Dataset items:
^^^^

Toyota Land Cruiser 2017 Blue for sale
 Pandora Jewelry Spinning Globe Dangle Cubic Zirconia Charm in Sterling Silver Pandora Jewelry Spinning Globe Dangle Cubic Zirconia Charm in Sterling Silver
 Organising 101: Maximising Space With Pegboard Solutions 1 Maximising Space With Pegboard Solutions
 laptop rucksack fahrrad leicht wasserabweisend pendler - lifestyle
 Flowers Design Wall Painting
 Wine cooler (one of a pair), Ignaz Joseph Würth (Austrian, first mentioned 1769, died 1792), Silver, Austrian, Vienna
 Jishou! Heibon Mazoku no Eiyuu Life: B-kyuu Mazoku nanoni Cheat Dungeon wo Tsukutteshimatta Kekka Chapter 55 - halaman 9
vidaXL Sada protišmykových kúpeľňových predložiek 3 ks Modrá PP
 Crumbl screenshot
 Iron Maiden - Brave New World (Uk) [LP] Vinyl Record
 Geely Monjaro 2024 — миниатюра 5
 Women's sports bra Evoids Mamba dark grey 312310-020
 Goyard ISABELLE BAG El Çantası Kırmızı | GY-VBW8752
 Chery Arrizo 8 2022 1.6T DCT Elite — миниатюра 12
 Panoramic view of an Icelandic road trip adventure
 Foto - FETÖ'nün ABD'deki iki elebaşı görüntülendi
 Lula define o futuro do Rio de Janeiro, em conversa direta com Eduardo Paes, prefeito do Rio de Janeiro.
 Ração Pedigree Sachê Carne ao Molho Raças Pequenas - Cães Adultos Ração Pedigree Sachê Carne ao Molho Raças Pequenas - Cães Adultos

^^^^

§ **TASK TO CARRY OUT**
Word for word, restate the lines above from the line containing "Sterling Silver Pandora" through the line containing "Flowers Design Wall Painting", with both included and nothing else.

§ **ANSWER FOR THIS EXERCISE**
 Pandora Jewelry Spinning Globe Dangle Cubic Zirconia Charm in Sterling Silver Pandora Jewelry Spinning Globe Dangle Cubic Zirconia Charm in Sterling Silver
 Organising 101: Maximising Space With Pegboard Solutions 1 Maximising Space With Pegboard Solutions
 laptop rucksack fahrrad leicht wasserabweisend pendler - lifestyle
 Flowers Design Wall Painting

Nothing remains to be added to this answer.